● **What is required**
The line containing "2023 The Pokémon" and every line after it, through the end of the records below, are to be reproduced exactly, with the pictures left out.

● **Pictures with short captions**
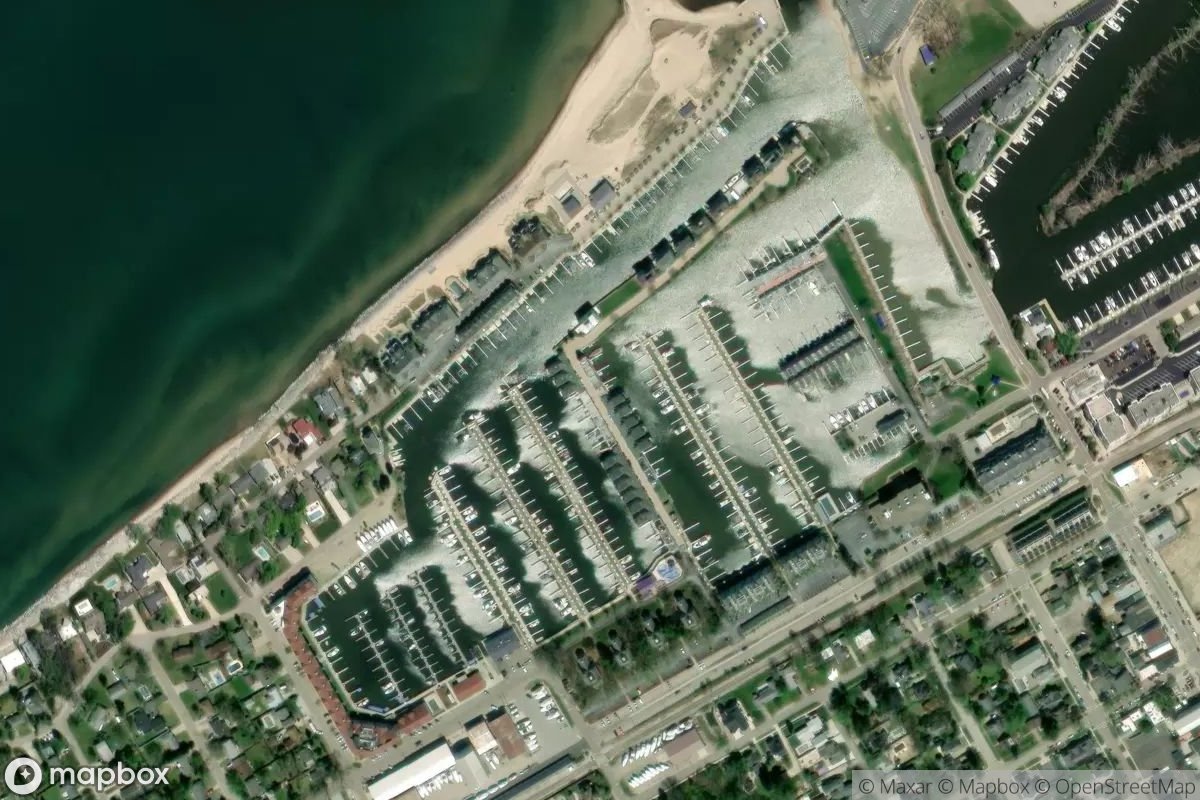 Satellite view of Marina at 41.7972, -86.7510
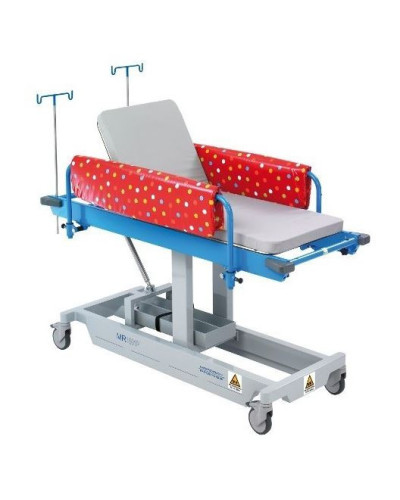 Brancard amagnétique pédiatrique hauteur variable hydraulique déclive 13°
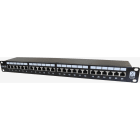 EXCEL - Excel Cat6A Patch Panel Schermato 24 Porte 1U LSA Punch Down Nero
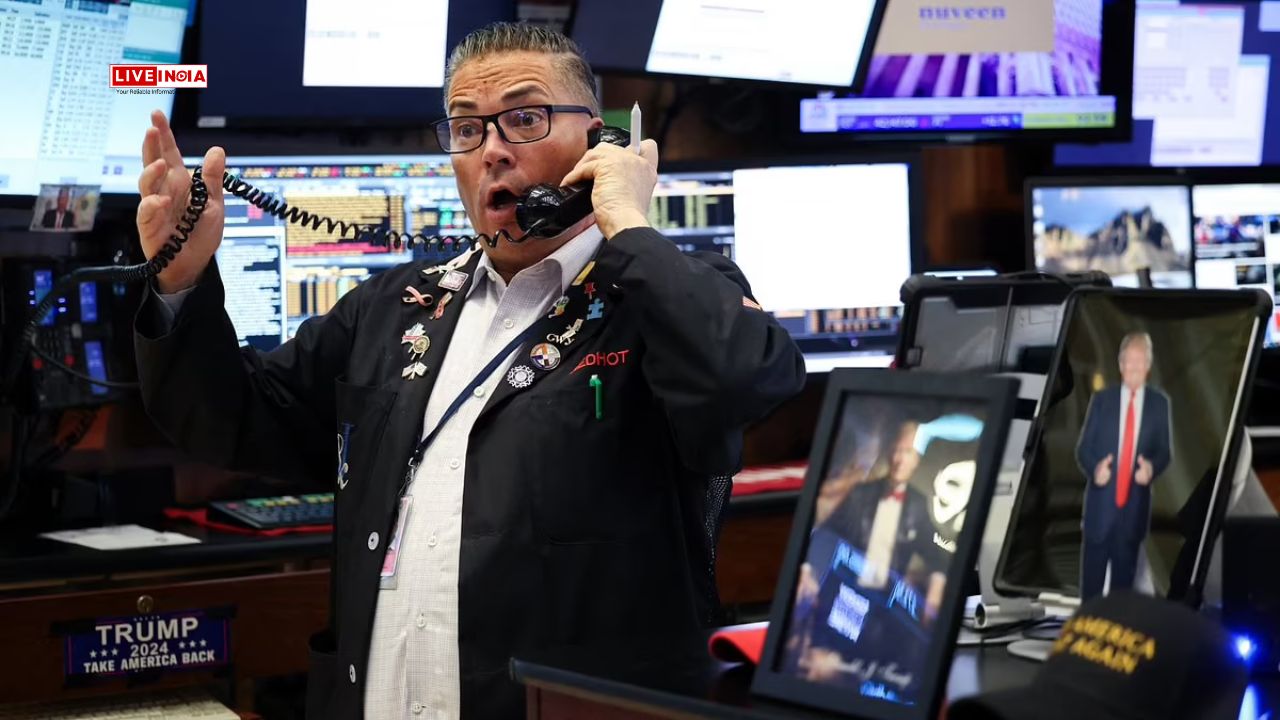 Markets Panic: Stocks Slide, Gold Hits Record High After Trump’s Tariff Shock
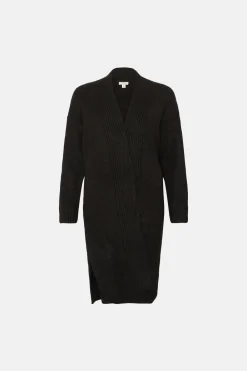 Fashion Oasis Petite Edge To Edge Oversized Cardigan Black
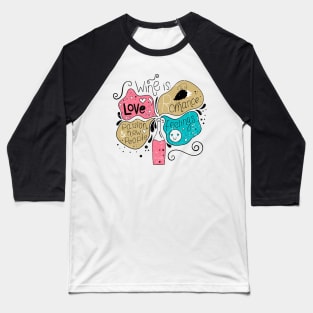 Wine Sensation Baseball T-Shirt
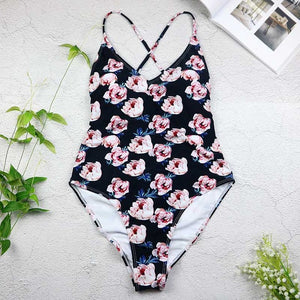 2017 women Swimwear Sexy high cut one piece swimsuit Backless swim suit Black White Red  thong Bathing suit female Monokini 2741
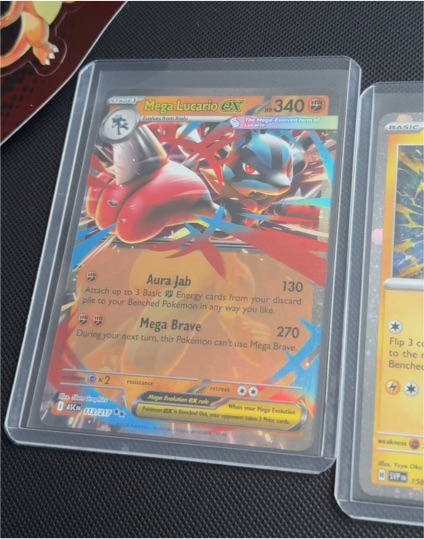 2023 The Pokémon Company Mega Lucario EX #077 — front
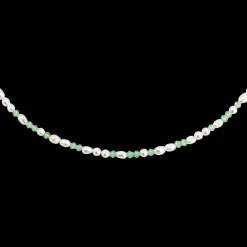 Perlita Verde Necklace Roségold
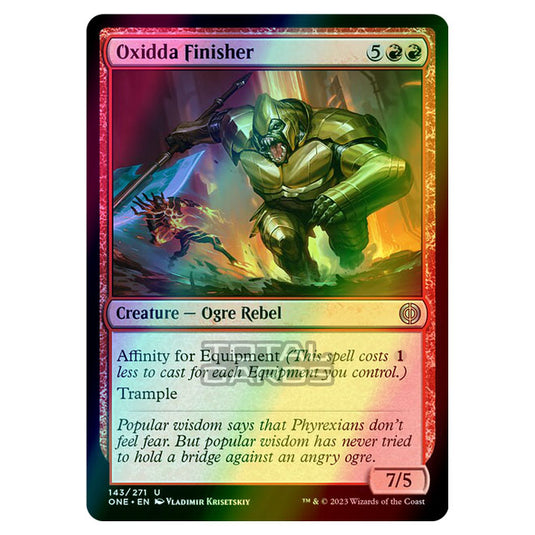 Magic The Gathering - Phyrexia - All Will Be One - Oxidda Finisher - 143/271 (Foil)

● **Reply to the exercise**
 2023 The Pokémon Company Mega Lucario EX #077 — front
 Perlita Verde Necklace Roségold
 Magic The Gathering - Phyrexia - All Will Be One - Oxidda Finisher - 143/271 (Foil)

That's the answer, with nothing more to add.